Task description
Scan the records beneath this line for the line holding "t shirt manches" and the line holding "(W) 마뗑킴 하이 넥", then transcribe exactly those two and all lines between.

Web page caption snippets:

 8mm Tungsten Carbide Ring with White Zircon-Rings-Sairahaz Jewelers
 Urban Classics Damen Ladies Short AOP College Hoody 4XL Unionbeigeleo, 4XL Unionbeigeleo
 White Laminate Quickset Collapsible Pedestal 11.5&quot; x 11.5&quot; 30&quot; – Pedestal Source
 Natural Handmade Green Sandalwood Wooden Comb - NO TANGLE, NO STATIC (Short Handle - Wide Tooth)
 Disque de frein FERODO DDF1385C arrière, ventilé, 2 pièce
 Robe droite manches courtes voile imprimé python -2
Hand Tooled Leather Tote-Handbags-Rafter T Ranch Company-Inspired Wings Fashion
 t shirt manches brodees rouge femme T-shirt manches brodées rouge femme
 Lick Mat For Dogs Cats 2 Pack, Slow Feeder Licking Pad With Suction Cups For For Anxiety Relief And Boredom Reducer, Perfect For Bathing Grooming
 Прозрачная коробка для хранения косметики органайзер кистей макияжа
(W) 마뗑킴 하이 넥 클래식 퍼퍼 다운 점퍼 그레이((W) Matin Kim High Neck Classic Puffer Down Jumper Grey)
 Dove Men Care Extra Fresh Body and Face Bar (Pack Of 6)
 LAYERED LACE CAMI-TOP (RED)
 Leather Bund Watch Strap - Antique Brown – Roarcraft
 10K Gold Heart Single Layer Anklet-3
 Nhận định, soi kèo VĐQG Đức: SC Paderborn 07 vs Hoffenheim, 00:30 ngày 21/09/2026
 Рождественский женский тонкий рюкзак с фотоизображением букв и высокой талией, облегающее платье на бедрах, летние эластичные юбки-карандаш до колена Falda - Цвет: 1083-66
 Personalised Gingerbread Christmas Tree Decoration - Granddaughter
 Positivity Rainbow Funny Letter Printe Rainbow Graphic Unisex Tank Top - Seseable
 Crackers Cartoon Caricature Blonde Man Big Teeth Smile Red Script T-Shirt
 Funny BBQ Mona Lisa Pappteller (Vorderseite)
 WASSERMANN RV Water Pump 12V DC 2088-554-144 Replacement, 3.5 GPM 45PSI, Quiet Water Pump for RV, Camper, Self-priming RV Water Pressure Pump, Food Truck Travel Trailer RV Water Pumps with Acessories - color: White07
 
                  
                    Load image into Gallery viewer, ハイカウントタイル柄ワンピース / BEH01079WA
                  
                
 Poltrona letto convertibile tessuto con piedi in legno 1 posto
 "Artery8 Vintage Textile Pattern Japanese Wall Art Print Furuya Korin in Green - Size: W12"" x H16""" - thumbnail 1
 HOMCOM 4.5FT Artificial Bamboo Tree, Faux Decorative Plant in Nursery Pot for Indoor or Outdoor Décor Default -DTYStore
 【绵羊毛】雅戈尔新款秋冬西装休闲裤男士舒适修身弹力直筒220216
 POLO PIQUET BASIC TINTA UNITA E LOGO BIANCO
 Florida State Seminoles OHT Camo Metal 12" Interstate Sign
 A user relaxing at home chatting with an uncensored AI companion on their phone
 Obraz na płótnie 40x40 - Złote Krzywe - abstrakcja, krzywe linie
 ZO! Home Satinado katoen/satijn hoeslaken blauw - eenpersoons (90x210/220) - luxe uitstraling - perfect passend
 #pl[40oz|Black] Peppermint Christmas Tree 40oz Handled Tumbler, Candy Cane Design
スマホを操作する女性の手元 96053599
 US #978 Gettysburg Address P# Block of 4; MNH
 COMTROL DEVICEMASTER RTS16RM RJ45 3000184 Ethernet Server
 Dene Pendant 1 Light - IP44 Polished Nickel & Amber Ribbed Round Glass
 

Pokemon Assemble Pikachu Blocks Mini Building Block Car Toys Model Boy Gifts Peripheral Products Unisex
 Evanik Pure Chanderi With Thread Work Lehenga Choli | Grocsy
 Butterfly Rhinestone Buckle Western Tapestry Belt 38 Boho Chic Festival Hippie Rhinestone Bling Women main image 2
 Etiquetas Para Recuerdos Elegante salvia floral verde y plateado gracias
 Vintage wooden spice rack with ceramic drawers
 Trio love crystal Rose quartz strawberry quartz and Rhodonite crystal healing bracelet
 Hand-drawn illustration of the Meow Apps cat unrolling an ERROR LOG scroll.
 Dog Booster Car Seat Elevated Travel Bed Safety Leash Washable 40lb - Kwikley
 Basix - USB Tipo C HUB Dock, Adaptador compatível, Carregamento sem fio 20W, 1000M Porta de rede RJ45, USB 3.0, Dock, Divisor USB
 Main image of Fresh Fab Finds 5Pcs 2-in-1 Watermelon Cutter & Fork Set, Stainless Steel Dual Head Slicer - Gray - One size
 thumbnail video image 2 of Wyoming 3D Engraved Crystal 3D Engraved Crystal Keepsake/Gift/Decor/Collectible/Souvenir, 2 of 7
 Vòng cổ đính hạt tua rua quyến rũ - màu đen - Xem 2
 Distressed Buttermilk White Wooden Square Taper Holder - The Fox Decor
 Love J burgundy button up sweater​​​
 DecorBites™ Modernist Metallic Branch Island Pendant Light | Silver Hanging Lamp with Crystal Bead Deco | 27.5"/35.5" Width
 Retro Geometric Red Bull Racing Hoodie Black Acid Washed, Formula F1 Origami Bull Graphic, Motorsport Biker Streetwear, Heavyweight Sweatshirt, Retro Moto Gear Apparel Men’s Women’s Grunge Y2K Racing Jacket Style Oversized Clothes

Result of the exercise
 t shirt manches brodees rouge femme T-shirt manches brodées rouge femme
 Lick Mat For Dogs Cats 2 Pack, Slow Feeder Licking Pad With Suction Cups For For Anxiety Relief And Boredom Reducer, Perfect For Bathing Grooming
 Прозрачная коробка для хранения косметики органайзер кистей макияжа
(W) 마뗑킴 하이 넥 클래식 퍼퍼 다운 점퍼 그레이((W) Matin Kim High Neck Classic Puffer Down Jumper Grey)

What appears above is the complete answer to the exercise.